SasuNaru

Rated:M
Genre: Angst/Romance
Published:
05-28-08
Story id:
4285354

Disclaimer:
I do not own them.
Naruto © Masashi Kishimoto
Routine © Yuuko Uchiha

Beta-ed by FBSN

Routine

Aku menutup pintu dan memasuki apartemen kita.

Aku menutup pintu dan memasuki apartemen kita… apartemenku… apartemenmu? Aku tidak tahu lagi… sudah sangat banyak waktu yang berlalu sejak kau berada di sini, rasanya seperti selamanya. Aku muak dengan ini, aku sangat merindukanmu.

Mataku memandang tempat ini; di setiap sudut aku dapat melihat hantumu.

Di pintu… Aku terbiasa menunggumu kembali, jadi di saat kau berjalan melewati pintu itu, aku akan menerjang dan menyambutmu pulang.

Di dapur… Kuseret tanganku menyentuh permukaan meja kecil itu. Aku bisa melihat diriku terbaring di atas permukaan itu dengan kau yang berada di atasku… merasakanku. Kau sering berkata bahwa satu-satunya caramu memakan sesuatu yang manis, hanyalah jika makanan itu berada di atas tubuhku.

Ruang tamu… Oh Tuhan… Mataku memandang jendela. Kau senang mendorongku ke arah kaca agar kita dapat 'menikmati pemandangan' sementra berhubungan intim, dasar mesum.

Kamar mandi… Aku suka saat-saat dimana kau mengejutkanku sementara aku berada di shower. Aku tersenyum saat mengingat berapa kali aku harus terlambat karena aku senang menjejaki tetes-tetes air di kulit pucatmu dengan lidahku.

Tapi sekarang, sangatlah sulit untuk memasuki ruangan kita.

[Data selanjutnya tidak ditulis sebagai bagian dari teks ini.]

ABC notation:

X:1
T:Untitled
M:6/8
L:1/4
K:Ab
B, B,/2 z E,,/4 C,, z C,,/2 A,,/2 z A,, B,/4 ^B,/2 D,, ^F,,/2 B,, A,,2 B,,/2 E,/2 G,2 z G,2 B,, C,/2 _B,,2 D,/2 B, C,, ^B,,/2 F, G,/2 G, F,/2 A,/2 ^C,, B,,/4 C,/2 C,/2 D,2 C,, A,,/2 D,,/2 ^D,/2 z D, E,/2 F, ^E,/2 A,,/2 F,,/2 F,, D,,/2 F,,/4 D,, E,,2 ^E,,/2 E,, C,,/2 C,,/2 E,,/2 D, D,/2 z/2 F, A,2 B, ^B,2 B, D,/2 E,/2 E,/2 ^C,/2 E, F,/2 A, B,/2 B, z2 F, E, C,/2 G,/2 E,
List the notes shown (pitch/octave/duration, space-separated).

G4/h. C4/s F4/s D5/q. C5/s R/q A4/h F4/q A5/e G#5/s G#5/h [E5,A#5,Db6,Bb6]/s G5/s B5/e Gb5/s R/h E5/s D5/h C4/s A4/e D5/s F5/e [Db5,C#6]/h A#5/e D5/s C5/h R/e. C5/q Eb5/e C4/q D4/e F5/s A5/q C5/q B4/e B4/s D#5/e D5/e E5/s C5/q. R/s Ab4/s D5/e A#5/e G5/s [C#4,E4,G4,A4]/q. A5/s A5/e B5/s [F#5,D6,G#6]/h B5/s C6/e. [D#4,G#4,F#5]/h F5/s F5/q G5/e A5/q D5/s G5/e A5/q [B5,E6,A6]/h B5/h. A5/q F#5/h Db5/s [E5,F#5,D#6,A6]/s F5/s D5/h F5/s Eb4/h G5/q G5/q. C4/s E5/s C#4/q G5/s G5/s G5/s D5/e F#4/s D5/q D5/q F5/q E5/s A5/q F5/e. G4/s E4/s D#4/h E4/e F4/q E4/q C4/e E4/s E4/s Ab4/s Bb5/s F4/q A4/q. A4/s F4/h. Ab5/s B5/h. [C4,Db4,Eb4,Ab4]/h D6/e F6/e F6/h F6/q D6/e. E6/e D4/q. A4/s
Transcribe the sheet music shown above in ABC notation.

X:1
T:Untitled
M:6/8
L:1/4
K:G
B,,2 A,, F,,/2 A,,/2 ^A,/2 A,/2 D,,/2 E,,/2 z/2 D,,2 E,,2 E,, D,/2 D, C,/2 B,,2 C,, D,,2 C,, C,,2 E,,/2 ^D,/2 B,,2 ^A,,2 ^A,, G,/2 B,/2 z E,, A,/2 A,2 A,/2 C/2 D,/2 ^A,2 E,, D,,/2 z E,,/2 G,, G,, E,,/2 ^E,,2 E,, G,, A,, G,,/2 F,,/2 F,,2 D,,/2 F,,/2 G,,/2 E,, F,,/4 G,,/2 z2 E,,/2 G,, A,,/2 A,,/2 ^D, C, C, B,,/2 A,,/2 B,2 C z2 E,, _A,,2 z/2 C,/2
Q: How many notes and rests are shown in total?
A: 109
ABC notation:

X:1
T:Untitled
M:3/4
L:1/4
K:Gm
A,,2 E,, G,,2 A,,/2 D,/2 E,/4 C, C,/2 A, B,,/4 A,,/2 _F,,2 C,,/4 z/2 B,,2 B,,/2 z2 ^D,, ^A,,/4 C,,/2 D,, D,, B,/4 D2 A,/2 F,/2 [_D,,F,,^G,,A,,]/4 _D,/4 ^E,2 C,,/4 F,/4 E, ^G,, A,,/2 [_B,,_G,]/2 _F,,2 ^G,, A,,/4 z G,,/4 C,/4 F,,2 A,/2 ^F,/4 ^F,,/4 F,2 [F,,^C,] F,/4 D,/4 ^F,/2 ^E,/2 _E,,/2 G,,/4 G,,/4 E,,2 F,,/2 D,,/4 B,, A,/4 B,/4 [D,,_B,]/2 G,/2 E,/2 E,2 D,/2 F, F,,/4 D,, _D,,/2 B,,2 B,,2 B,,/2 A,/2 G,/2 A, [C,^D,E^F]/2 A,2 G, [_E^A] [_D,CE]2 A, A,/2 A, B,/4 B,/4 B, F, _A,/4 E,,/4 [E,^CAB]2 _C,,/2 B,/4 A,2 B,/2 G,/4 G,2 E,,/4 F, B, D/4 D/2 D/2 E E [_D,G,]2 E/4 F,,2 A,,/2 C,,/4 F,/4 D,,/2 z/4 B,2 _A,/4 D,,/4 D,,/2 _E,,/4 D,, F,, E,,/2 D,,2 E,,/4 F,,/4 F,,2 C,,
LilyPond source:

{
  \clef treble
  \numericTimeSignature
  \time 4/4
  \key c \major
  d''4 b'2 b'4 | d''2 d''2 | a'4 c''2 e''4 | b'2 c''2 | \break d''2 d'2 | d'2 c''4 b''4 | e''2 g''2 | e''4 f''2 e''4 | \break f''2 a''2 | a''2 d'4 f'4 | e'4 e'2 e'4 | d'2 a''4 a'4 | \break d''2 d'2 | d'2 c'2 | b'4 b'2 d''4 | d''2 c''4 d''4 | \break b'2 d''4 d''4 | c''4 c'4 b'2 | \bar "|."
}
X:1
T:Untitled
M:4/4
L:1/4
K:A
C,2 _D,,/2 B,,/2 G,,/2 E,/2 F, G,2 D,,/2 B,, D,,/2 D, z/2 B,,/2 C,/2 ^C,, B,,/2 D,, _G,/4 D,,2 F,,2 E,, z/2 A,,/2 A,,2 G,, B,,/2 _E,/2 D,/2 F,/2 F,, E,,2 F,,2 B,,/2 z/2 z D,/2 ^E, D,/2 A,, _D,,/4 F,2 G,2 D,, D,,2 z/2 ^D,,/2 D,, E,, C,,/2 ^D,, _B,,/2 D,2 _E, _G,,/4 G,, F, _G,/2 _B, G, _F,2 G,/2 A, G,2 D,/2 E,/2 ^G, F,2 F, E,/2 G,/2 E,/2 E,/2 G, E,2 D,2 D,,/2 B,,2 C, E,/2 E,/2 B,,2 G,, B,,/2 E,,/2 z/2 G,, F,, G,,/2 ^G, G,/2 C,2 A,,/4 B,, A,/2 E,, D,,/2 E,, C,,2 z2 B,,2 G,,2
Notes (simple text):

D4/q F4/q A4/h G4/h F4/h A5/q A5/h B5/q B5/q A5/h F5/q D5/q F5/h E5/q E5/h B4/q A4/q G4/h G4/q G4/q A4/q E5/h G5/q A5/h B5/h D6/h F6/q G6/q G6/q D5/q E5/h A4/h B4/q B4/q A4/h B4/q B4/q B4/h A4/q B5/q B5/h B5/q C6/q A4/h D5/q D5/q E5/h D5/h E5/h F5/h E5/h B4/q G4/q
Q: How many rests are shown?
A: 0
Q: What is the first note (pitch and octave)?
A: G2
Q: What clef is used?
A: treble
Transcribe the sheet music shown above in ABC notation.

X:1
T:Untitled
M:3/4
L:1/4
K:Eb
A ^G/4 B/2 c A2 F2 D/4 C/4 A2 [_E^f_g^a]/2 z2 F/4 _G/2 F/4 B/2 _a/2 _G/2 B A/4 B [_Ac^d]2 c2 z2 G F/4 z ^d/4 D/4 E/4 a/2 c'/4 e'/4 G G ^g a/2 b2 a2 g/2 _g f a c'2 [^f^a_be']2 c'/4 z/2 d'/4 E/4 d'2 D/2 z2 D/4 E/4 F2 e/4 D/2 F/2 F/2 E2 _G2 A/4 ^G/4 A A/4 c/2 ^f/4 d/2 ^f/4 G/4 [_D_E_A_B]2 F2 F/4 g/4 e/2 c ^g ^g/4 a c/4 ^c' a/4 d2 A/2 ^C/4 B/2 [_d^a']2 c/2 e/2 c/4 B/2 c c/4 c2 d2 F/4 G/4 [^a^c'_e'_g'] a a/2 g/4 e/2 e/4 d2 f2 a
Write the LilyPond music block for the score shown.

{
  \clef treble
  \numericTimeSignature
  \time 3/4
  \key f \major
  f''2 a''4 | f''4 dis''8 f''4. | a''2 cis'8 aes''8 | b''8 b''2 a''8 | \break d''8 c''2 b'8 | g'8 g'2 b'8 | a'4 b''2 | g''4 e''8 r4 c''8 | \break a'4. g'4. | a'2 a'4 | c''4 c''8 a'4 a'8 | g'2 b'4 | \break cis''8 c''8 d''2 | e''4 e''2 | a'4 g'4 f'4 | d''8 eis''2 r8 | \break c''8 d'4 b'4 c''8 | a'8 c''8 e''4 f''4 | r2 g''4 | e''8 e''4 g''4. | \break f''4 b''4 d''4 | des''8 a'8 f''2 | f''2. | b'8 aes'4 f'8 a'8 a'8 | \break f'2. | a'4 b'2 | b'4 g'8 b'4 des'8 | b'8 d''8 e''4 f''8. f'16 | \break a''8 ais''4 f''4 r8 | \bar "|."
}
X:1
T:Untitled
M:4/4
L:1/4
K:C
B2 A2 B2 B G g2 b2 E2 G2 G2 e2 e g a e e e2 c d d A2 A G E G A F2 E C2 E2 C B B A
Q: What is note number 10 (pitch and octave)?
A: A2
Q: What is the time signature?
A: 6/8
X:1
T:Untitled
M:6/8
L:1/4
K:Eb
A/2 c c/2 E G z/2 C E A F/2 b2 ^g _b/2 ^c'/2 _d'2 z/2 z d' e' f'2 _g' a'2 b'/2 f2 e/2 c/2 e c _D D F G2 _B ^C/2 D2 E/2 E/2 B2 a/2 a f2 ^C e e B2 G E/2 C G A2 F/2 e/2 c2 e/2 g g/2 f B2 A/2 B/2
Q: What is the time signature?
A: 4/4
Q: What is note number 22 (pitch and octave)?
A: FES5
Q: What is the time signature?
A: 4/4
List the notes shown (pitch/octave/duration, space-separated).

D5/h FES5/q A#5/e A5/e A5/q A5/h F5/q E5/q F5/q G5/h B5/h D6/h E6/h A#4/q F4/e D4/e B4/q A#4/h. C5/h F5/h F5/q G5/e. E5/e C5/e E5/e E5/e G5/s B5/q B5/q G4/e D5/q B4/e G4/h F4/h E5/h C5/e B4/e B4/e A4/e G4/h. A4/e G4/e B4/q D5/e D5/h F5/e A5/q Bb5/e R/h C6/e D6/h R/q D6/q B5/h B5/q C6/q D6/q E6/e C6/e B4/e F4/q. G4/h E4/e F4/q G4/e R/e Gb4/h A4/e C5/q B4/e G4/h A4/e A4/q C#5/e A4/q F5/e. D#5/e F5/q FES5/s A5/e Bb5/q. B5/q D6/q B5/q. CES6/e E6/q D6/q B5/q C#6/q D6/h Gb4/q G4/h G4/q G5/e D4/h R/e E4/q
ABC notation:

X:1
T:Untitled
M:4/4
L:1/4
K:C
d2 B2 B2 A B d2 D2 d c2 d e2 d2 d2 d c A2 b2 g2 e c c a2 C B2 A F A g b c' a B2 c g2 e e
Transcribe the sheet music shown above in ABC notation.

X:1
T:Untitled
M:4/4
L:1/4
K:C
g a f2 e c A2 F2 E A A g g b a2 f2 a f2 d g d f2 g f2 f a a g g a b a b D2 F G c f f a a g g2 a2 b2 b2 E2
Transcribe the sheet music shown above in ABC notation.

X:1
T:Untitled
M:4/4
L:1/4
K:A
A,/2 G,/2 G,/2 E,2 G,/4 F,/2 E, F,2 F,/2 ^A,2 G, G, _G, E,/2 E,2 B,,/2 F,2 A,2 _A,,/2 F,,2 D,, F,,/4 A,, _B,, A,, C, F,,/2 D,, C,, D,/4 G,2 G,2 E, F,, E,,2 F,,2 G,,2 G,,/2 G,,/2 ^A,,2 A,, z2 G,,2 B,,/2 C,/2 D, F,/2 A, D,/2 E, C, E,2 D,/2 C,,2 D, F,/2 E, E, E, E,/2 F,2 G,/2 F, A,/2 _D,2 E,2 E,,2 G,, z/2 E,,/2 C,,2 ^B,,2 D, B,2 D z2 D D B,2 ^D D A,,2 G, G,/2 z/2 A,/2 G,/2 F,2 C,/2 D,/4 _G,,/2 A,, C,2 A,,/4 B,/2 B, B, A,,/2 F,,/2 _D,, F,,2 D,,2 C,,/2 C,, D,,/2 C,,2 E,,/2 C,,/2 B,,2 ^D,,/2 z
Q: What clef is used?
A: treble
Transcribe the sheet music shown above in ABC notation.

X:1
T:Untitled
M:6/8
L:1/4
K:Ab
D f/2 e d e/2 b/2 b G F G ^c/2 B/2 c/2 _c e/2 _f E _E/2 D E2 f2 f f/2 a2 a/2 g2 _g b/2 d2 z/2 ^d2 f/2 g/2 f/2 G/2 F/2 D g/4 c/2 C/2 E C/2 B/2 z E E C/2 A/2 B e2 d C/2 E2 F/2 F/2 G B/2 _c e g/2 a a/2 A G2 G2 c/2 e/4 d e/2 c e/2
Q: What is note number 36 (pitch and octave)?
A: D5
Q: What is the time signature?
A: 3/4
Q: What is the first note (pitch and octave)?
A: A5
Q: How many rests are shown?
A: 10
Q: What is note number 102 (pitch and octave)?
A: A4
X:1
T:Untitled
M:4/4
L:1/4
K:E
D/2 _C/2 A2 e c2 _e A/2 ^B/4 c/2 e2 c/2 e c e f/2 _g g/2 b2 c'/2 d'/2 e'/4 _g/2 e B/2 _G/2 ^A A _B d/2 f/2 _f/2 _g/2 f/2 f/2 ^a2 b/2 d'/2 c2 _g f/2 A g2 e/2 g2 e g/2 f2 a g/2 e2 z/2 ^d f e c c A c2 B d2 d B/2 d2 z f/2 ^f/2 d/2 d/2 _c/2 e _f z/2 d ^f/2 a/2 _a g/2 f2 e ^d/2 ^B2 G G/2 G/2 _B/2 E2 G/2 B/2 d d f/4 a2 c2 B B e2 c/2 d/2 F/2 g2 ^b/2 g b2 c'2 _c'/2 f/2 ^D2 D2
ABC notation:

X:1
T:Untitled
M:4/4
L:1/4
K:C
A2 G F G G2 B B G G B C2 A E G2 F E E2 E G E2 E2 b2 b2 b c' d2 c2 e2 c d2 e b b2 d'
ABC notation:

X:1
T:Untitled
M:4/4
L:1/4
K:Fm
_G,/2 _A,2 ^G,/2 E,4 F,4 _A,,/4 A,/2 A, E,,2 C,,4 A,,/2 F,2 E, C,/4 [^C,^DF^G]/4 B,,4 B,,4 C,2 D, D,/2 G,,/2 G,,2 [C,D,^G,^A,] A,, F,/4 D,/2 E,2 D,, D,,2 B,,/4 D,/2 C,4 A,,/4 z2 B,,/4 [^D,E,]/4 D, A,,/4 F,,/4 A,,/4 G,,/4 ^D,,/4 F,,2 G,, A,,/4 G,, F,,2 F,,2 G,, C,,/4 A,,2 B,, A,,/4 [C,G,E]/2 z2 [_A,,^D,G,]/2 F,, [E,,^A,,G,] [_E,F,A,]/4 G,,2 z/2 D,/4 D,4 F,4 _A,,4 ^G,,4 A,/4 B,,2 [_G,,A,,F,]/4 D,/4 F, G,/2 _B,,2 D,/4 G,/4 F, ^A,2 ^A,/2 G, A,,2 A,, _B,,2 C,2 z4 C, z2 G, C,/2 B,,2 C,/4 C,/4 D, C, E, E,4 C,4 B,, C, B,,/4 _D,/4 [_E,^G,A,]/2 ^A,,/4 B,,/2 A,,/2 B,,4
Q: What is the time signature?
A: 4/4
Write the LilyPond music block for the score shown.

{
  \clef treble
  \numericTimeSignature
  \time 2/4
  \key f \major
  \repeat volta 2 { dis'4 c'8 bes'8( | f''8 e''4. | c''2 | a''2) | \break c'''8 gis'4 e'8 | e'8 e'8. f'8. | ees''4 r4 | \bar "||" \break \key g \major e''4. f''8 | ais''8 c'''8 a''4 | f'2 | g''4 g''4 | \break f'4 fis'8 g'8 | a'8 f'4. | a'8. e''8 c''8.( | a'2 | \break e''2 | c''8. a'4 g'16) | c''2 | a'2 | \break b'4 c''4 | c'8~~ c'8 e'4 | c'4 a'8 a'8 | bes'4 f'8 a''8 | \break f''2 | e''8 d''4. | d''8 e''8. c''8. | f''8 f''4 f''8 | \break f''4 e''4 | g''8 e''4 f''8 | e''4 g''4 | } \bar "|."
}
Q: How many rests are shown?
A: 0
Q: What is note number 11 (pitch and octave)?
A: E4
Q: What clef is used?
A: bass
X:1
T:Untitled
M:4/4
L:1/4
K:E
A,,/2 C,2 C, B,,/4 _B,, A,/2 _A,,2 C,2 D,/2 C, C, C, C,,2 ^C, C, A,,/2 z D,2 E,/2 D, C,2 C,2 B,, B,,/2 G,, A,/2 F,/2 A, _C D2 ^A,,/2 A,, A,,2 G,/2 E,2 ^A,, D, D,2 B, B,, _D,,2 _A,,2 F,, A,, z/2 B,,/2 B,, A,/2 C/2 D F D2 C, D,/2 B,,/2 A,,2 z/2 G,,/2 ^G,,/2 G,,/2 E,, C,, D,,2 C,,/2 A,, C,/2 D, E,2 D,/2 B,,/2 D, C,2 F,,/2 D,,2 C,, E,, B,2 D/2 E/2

Setahun yang lalu, tepat hari ini.

Kau pergi.

Kau pergi meninggalkanku.

Dan saat itulah rutinitasku dimulai. Bangun. Bekerja. Memakan sesuatu—setelah bawahanku mengingatkan. Kau tahu Sasuke, ramen itu tidak terasa sama lagi? Dan saat aku kembali ke apartemen, aku tertidur dengan dihantui oleh kenangan tentangmu. Saat aku terbangun keesokan paginya, kuharap aku tak pernah melakukan itu.

Aku tidak peduli kalau kau berkata kau tidak punya pilihan! Kau menyuruhku tinggal di sini; kau membuatku berjanji untuk tinggal agar kau selalu tahu aku ada di sini. Tapi bagaimana denganku? Aku benci itu sekarang, karena rasanya tidak sanggup bagiku untuk berada di sini tanpa mengingat setiap waktu, setiap bisikan, dan setiap sentuhan yang kita bagi bersama.

Aku tahu jantungku sudah berhenti dulu.

. . .

"Waktunya pindah, Naruto." Dia diberitahu oleh temannya yang berambut pink.

"Kau tidak lagi sama sejak dia pergi." Temannya yang bertaring menyahut setuju.

"Tidakkah kalian berpikir bahwa aku sudah mengetahuinya? Sialan! Aku sungguh-sungguh paham!"

Dia berteriak pada mereka… dia berteriak pada mereka! Mereka semua terkejut, sahabat mereka yang berambut pirang ini benar-benar telah berubah, dia terlihat kosong.

Di bulan-bulan pertama dia terlihat baik-baik saja, dia mencoba untuk mengerti, mereka masih saling berhubungan dan ini bukan berarti mereka berpisah; kekasihnya hanya berada di seberang samudra.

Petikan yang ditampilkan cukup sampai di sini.